# AQHA: Novice Permits| Youth & Amature leases



## shmurmer4 (Dec 27, 2008)

PERMITS NOT REQUIRED FOR NOVICE COMPETITION STARTING JULY 1, 2010.
_The American Quarter Horse Journal__, June 29, 2010 –_ Beginning July 1, 2010, American Quarter Horse Association novice exhibitors will be allowed to show any American Quarter Horse in AQHA novice classes, regardless of ownership. Previously, AQHA rules required novice exhibitors to show a horse owned by a family member (Rule 403(a)(5)), through a lease (Rule 405(c)) or with an official novice permit.
The goal of this rule change is to encourage novice competitors to try a new event on an experienced horse while helping the exhibitor gain confidence and more experience, according to Todd Branson, AQHA director of competition marketing. As current rules state, once the novice exhibitor has earned 25 lifetime points in a class, he or she is ineligible to compete in that class the following year as a novice, with or without a permit.
As novice eligibility now allows, an exhibitor can show a horse in a novice youth or novice amateur class with the owner and his or her immediate family still retaining the ability to show the horse in any class other than the same class as the novice exhibitor. Exhibitors are still required to have a novice amateur or novice youth membership to participate. Memberships can be purchased at the show or prior to the show through AQHA. All novice eligibility requirements as specified in Rule 405A (c) remain unchanged.
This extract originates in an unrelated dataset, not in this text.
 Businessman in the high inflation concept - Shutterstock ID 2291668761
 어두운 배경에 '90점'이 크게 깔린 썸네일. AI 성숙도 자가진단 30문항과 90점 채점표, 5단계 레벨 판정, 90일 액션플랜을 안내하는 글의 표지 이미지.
Novice exhibitors must still request a novice permit to show a horse that is owned by a non-family member at any of the top 10 AQHA circuit shows that allow permit competition. The top 10 shows are determined by the total number of entries the previous year and can change from year to year. 
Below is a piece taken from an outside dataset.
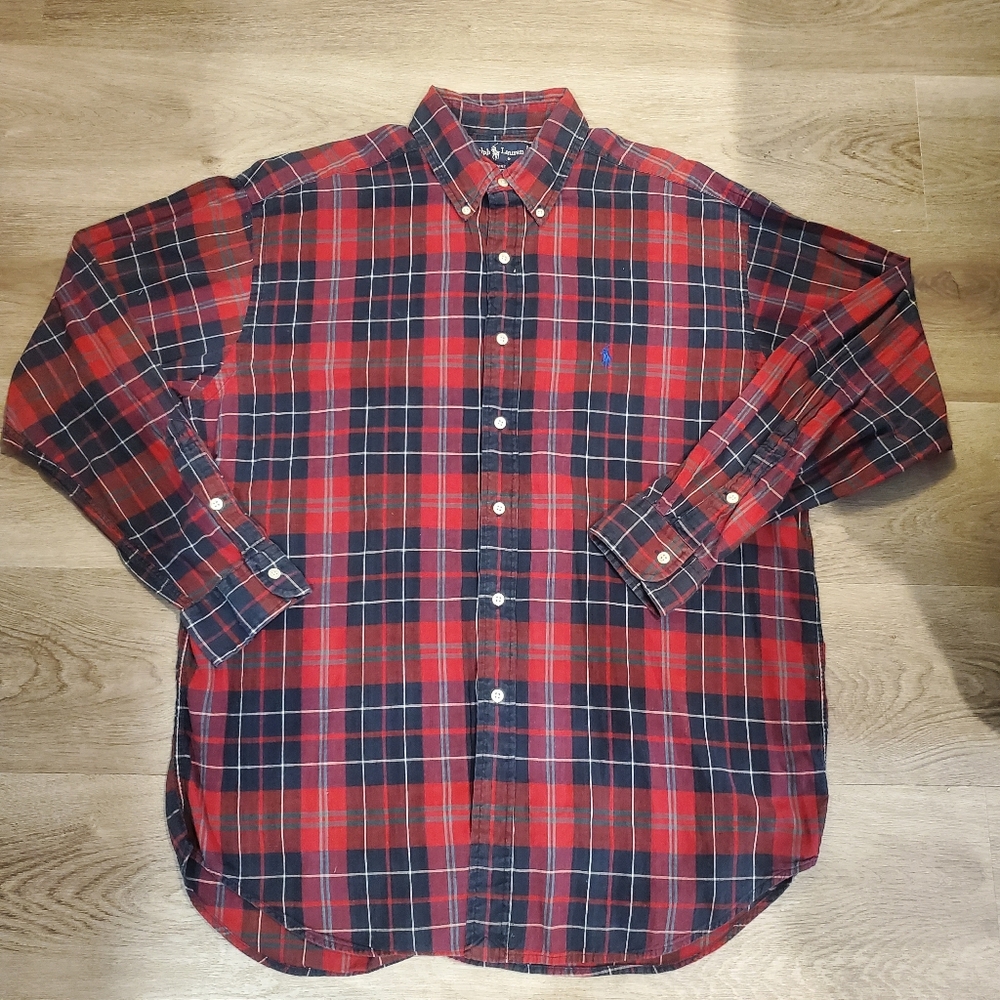 Ralph Lauren Blaire Shirt Mens Large Red Plaid Button Front Cotton Long Sleeve - Picture 7 of 8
Top 10 shows* that will require a permit for novice competition in 2010:


Oklahoma Quarter Horse Association Redbud Spectacular, Oklahoma City 
Texas Classic, Fort Worth, Texas 
South Florida Quarter Horse Association Gold Coast, Tampa, Florida 
Arizona Sun Country Circuit, Scottsdale, Arizona 
Dixie National Quarter Horse Show, Jackson, Mississippi 
Big A Circuit, Conyers, Georgia 
Florida Quarter Horse Association Gulf Coast Circuit, Tampa, Florida 
Oregon Quarter Horse Association Summer Classic, Central Point, Oregon 
The Stars and Strips Circuit, Conyers, Georgia 
Western Pennsylvania Quarter Horse Association, Harlansburg, Pennsylvania 
_* The All American Quarter Horse Congress is the largest show in terms of entries but does not allow permits or leases._
Competitors showing in AQHA youth- or amateur-division classes must still adhere to AQHA’s horse ownership rule 403(A)(5), which states that an amateur must not exhibit in open or amateur AQHA classes horses owned by any third party, but shall only exhibit horses solely owned by the applicant or the applicant’s family. However, beginning January 1, 2011, youth and amateur competitors will be allowed to show leased horses in their respective divisions.


----------



## nrhareiner (Jan 11, 2009)

This came out a few months ago. It should be fun to see how it works. I think a friend of mine might use my reining mare next year in Nov. Youth. She should clean up.


----------



## shmurmer4 (Dec 27, 2008)

June 29th 
_Posted via Mobile Device_


----------



## nrhareiner (Jan 11, 2009)

That is when the Email was sent out but the rule change was before that. I had been talking to them about this rule and anouther.


----------